Every line from the start of the records through the line with "Giani Bernini Twisted" is to be written out exactly; pictures are not.

Image-text web data:
·····

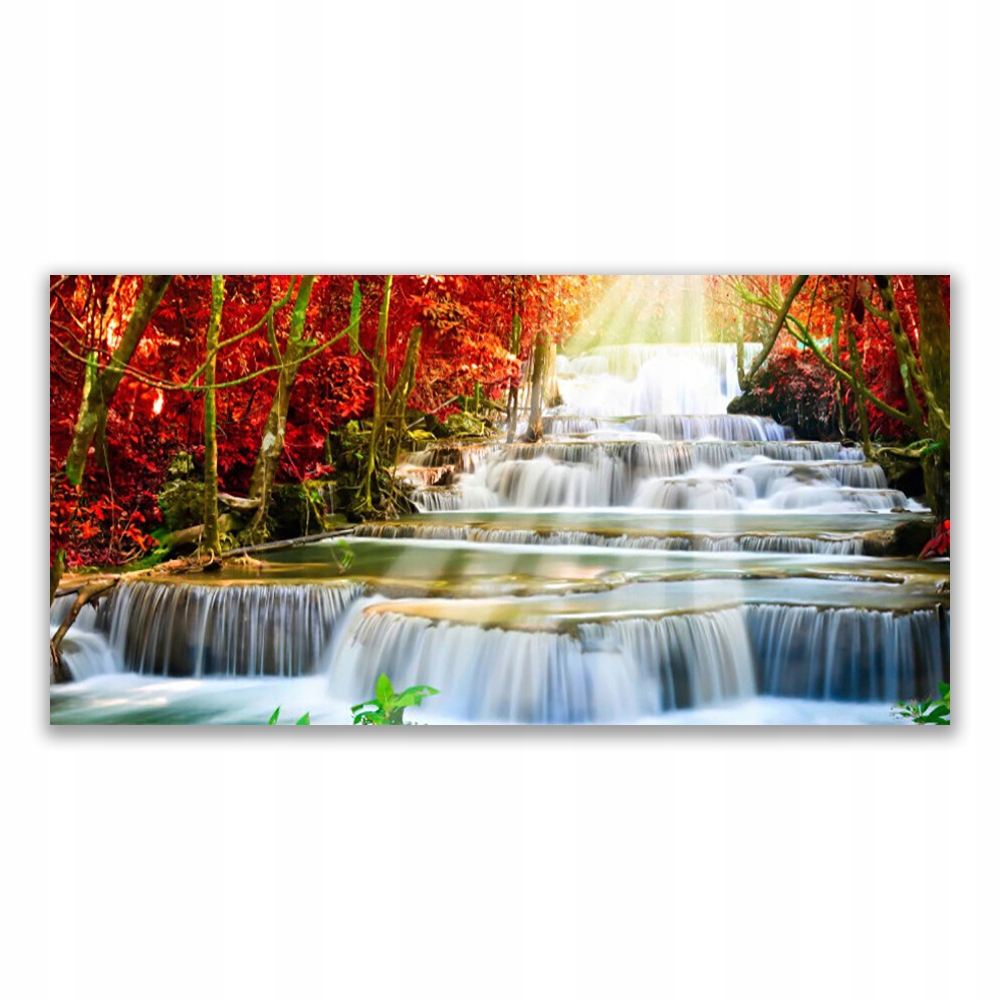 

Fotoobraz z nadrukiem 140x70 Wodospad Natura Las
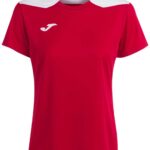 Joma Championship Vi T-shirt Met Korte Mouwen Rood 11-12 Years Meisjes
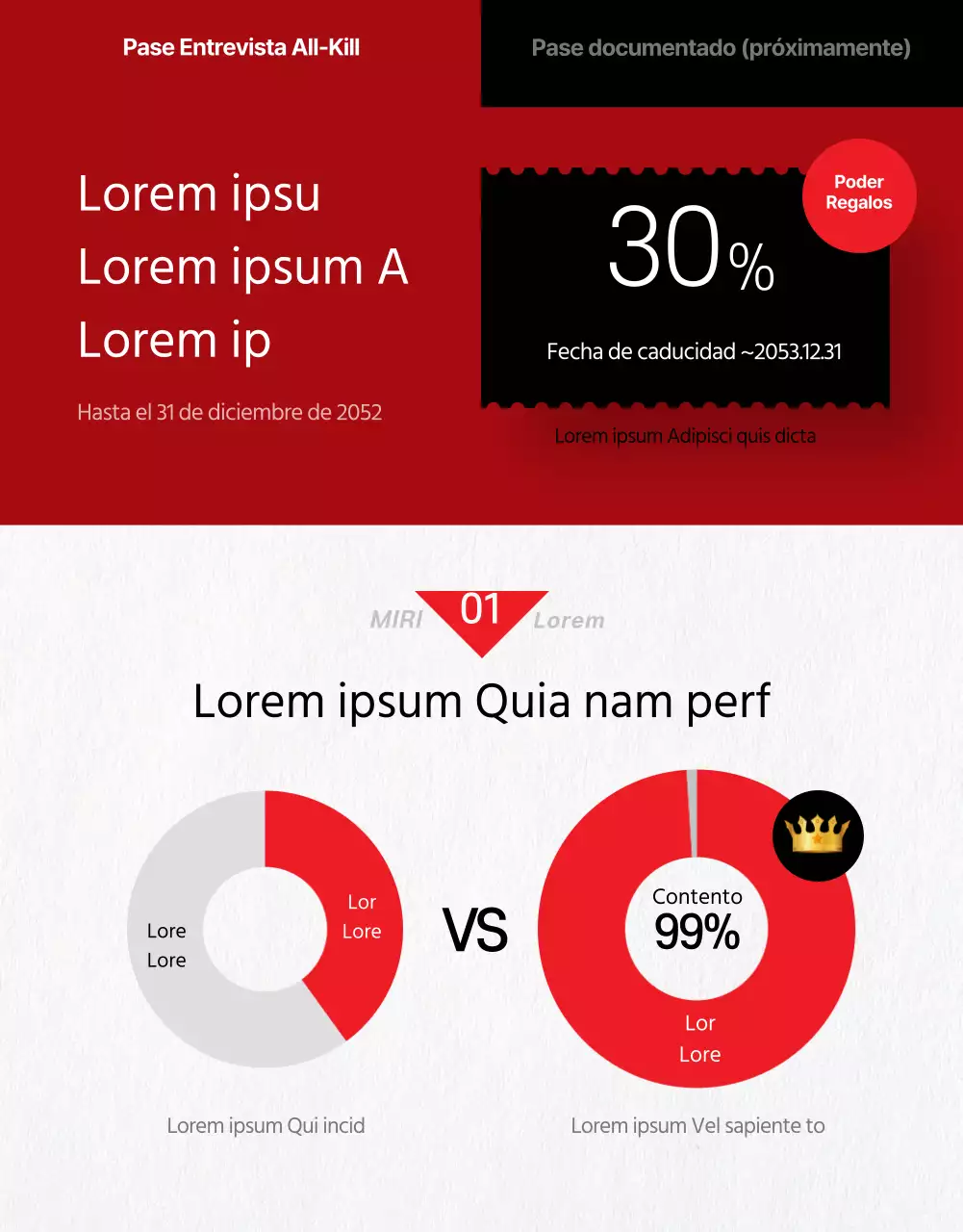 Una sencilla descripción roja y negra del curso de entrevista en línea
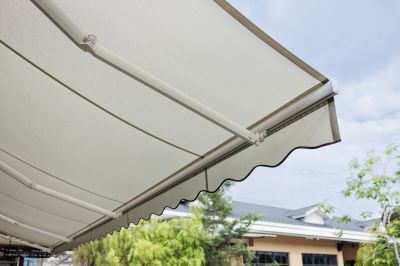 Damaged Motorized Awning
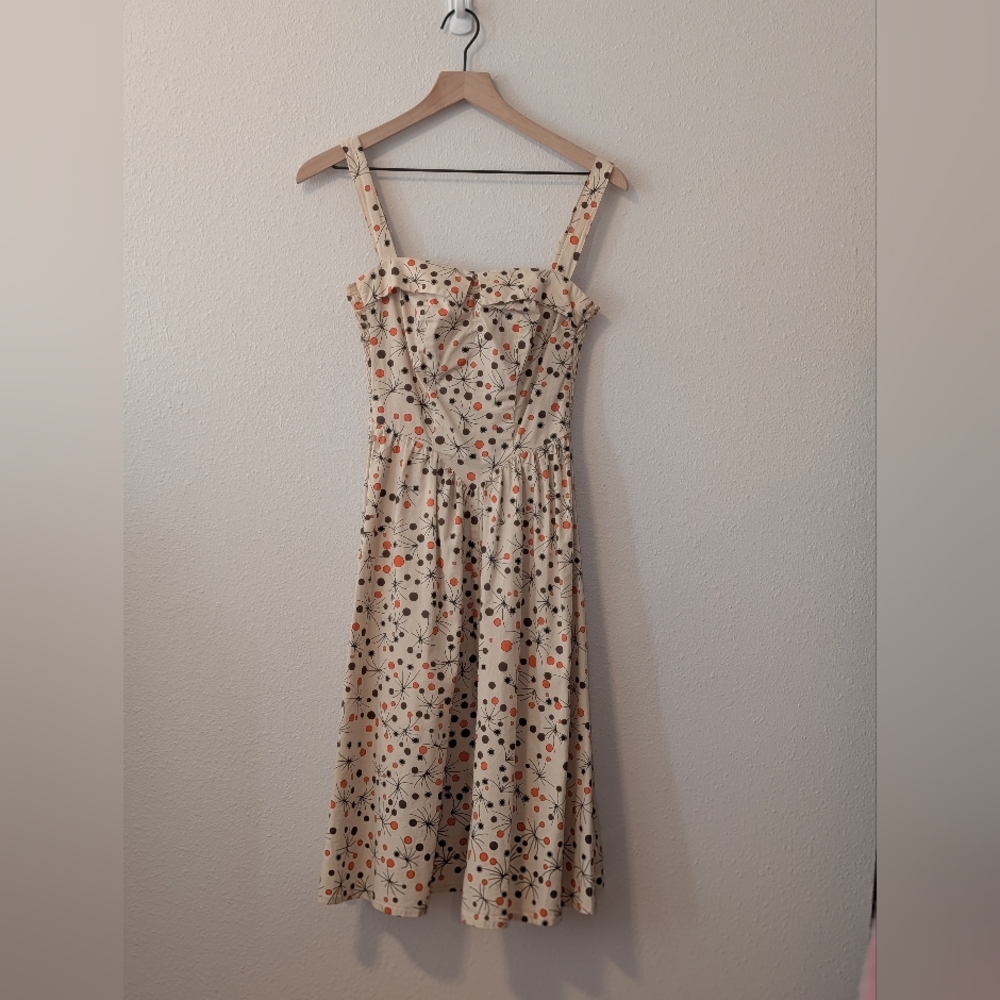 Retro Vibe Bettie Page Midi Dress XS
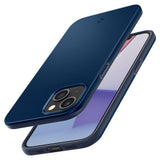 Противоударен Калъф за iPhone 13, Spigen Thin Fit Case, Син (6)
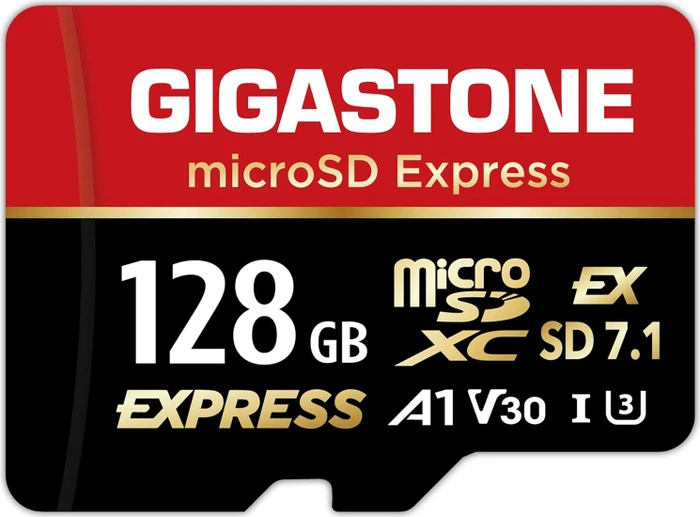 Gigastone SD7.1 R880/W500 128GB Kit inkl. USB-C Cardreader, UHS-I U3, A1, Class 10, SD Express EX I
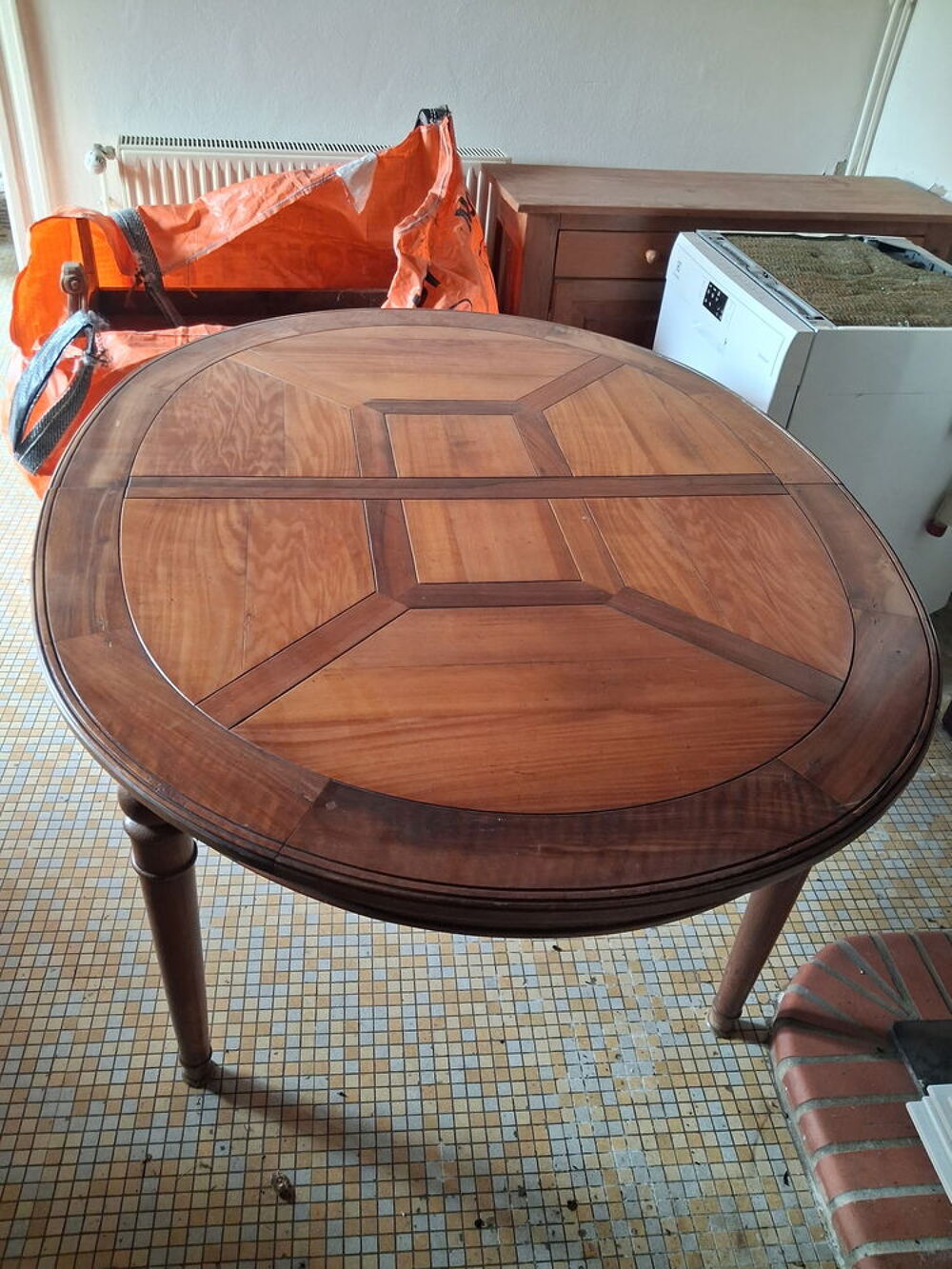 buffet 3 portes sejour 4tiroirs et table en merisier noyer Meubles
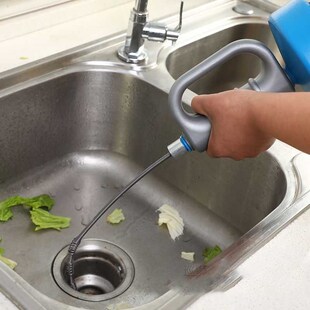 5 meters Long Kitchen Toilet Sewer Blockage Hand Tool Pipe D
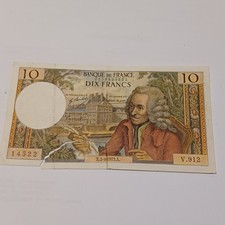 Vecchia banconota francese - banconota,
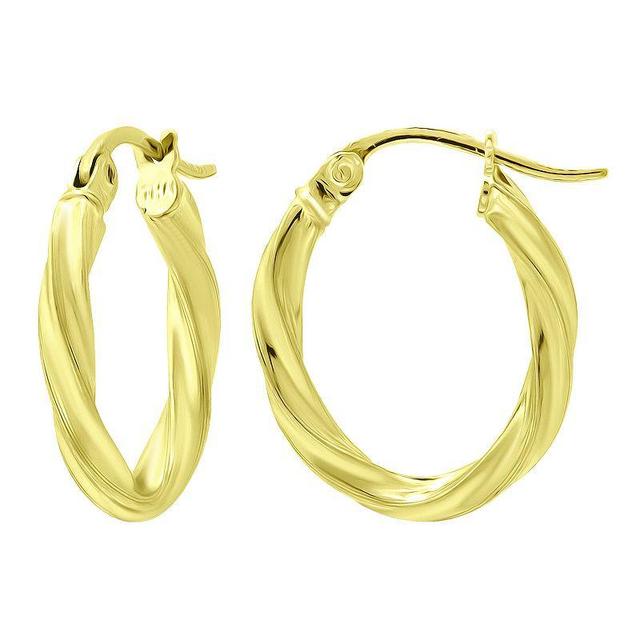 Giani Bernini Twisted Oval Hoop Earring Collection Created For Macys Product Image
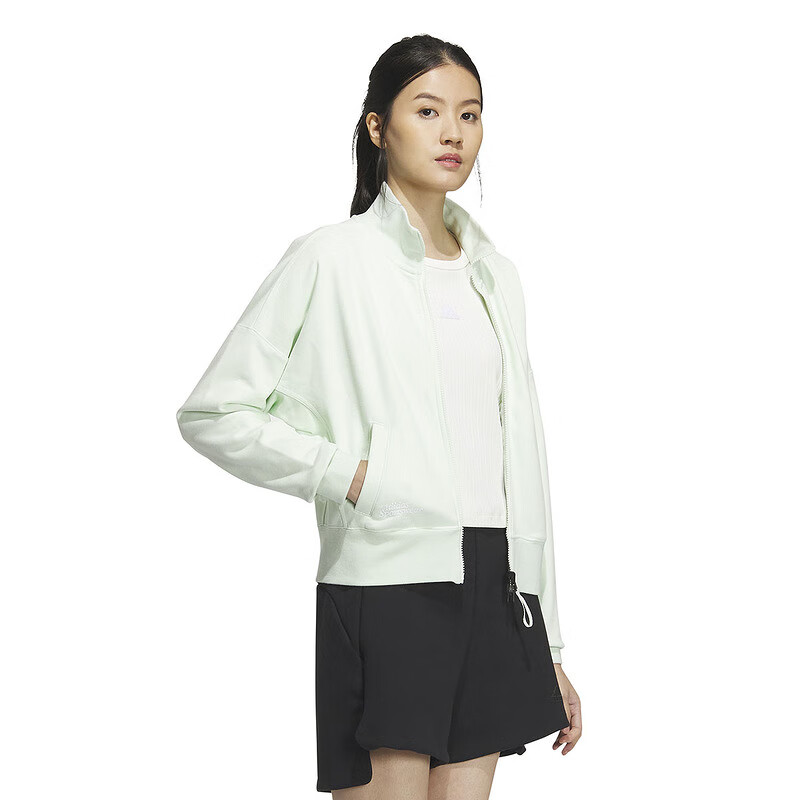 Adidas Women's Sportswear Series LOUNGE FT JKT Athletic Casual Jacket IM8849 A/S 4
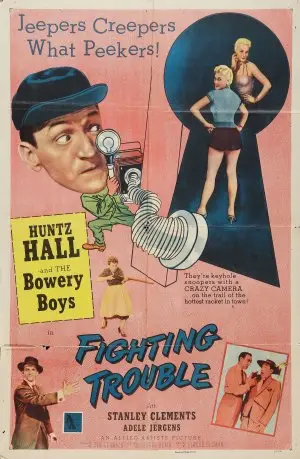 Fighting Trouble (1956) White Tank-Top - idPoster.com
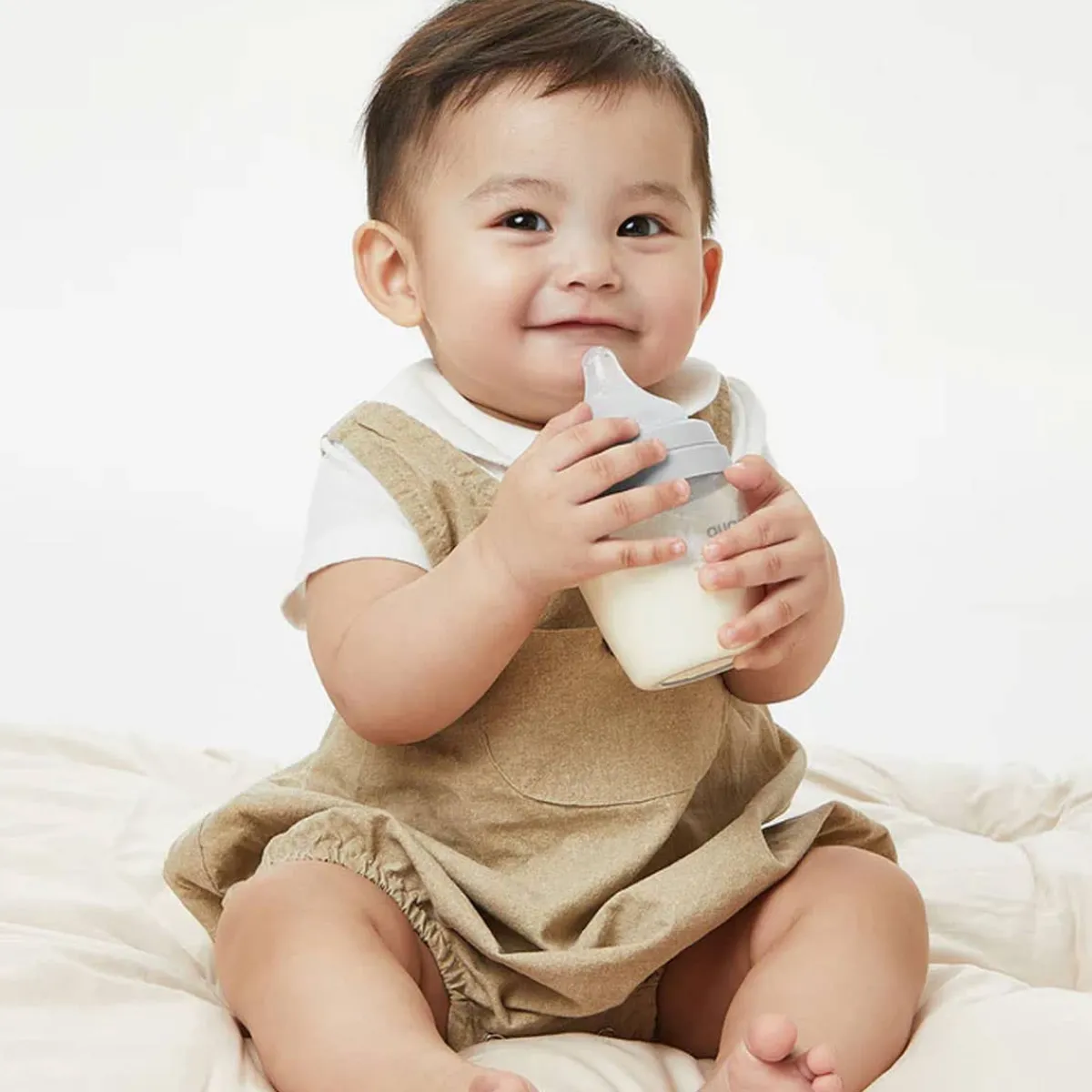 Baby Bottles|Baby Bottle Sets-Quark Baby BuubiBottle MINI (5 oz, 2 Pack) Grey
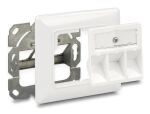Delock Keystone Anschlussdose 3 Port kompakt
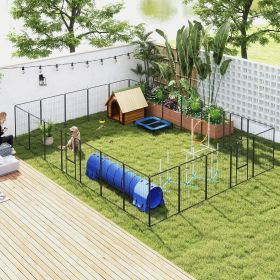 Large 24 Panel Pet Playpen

·····

*TASK RESPONSE*
Fotoobraz z nadrukiem 140x70 Wodospad Natura Las
 Joma Championship Vi T-shirt Met Korte Mouwen Rood 11-12 Years Meisjes
 Una sencilla descripción roja y negra del curso de entrevista en línea
 Damaged Motorized Awning
 Retro Vibe Bettie Page Midi Dress XS
 Противоударен Калъф за iPhone 13, Spigen Thin Fit Case, Син (6)
 Gigastone SD7.1 R880/W500 128GB Kit inkl. USB-C Cardreader, UHS-I U3, A1, Class 10, SD Express EX I
 buffet 3 portes sejour 4tiroirs et table en merisier noyer Meubles
 5 meters Long Kitchen Toilet Sewer Blockage Hand Tool Pipe D
 Vecchia banconota francese - banconota,
 Giani Bernini Twisted Oval Hoop Earring Collection Created For Macys Product Image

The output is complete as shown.